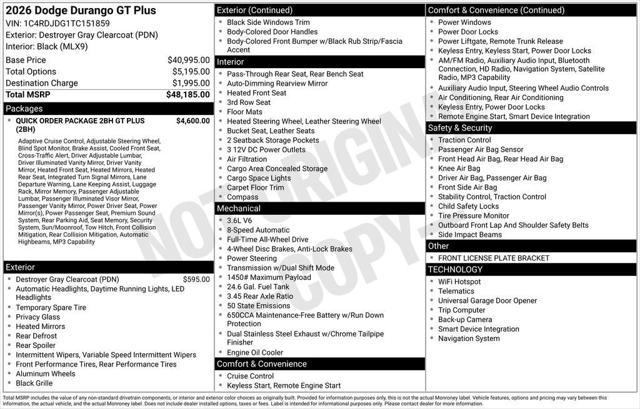 2026 Dodge Durango DURANGO GT PLUS AWD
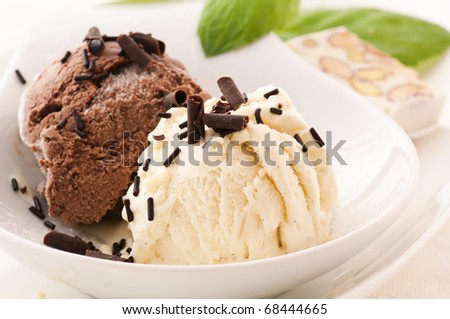 Chocolate and Vanilla Ice Cream Royalty-Free Stock Photo #68444665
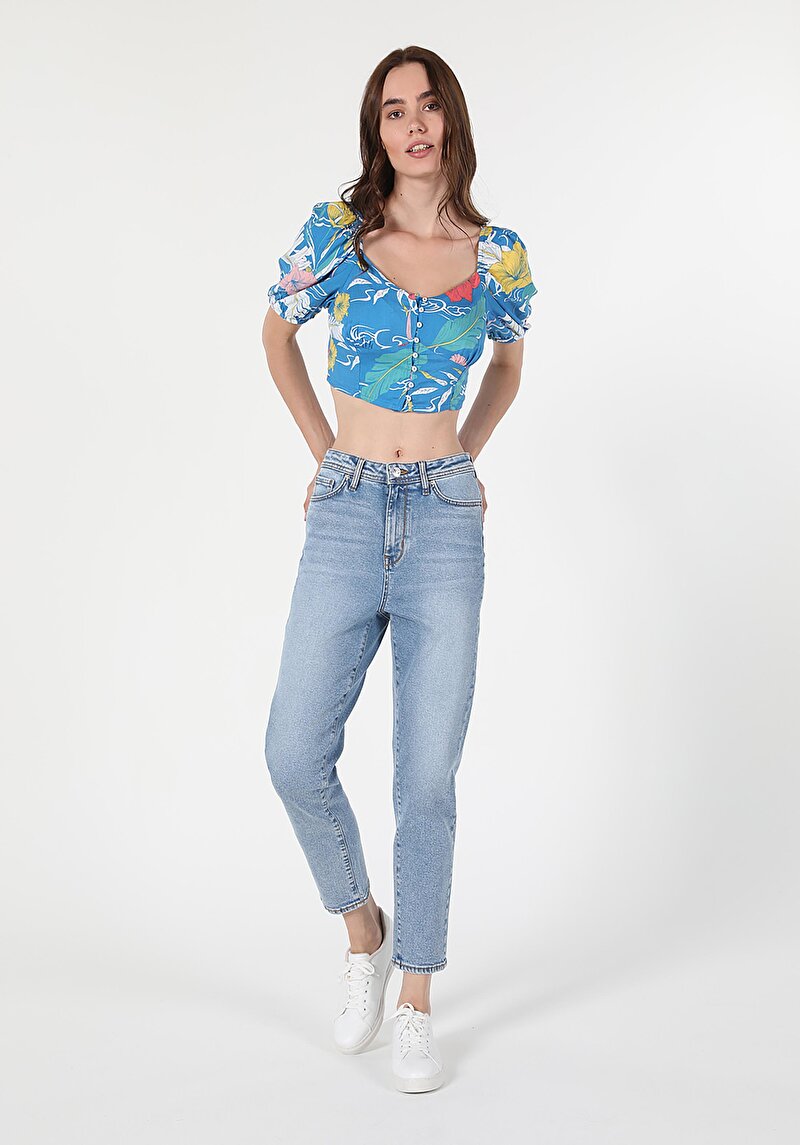 Imagine a Pantaloni De Dama Albastru Deschis Mom Fit 896  Maria Cl1059535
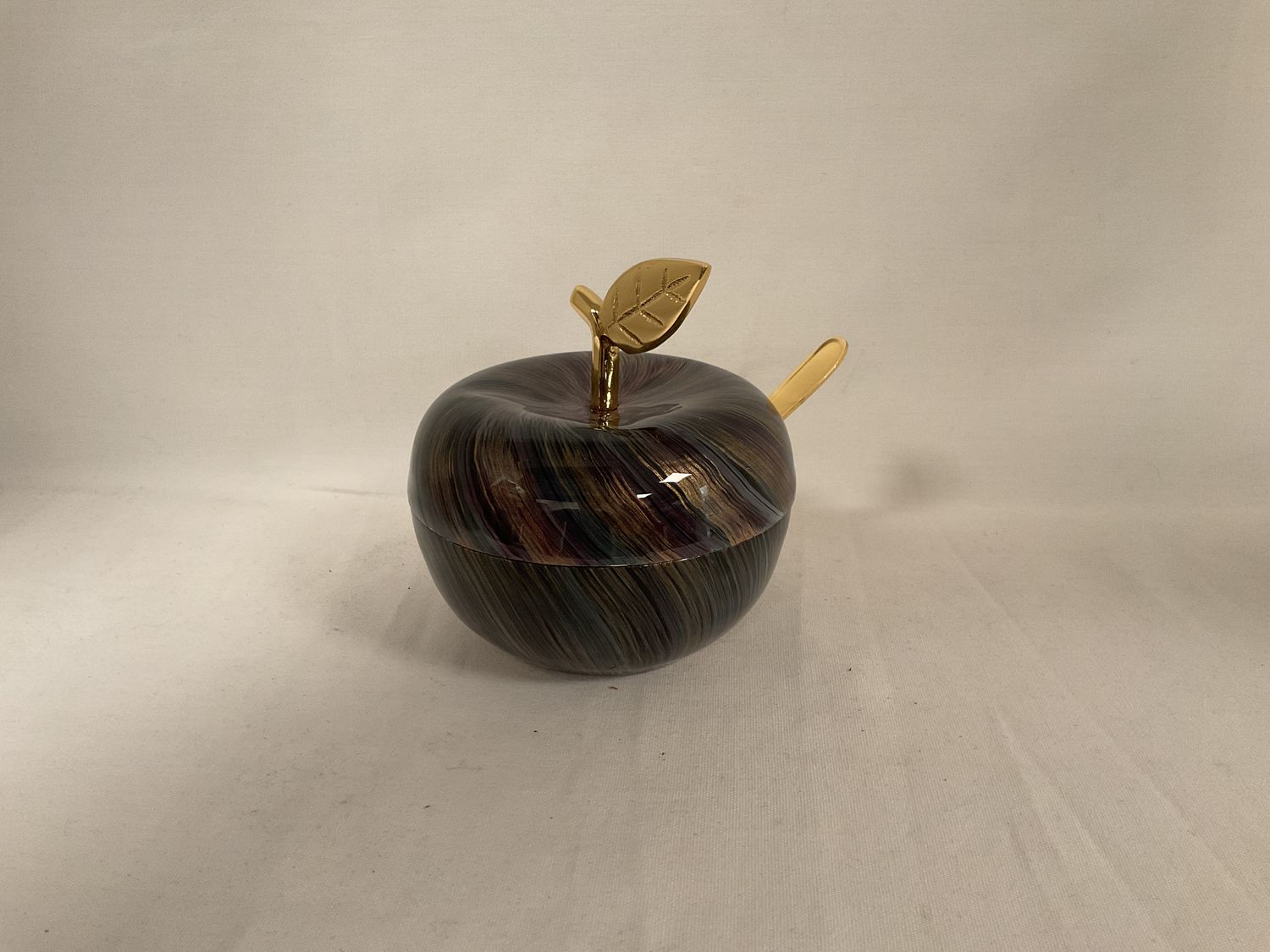 Swirl Apple Shaped Honey Dish with Spoon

——

WHAT YOU HAVE TO DO
When copying the listing, skip the pictures and keep each line exactly as written.

RESPONSE TO THIS EXERCISE
 2026 Dodge Durango DURANGO GT PLUS AWD
 Chocolate and Vanilla Ice Cream Royalty-Free Stock Photo #68444665
 Imagine a Pantaloni De Dama Albastru Deschis Mom Fit 896  Maria Cl1059535
 Swirl Apple Shaped Honey Dish with Spoon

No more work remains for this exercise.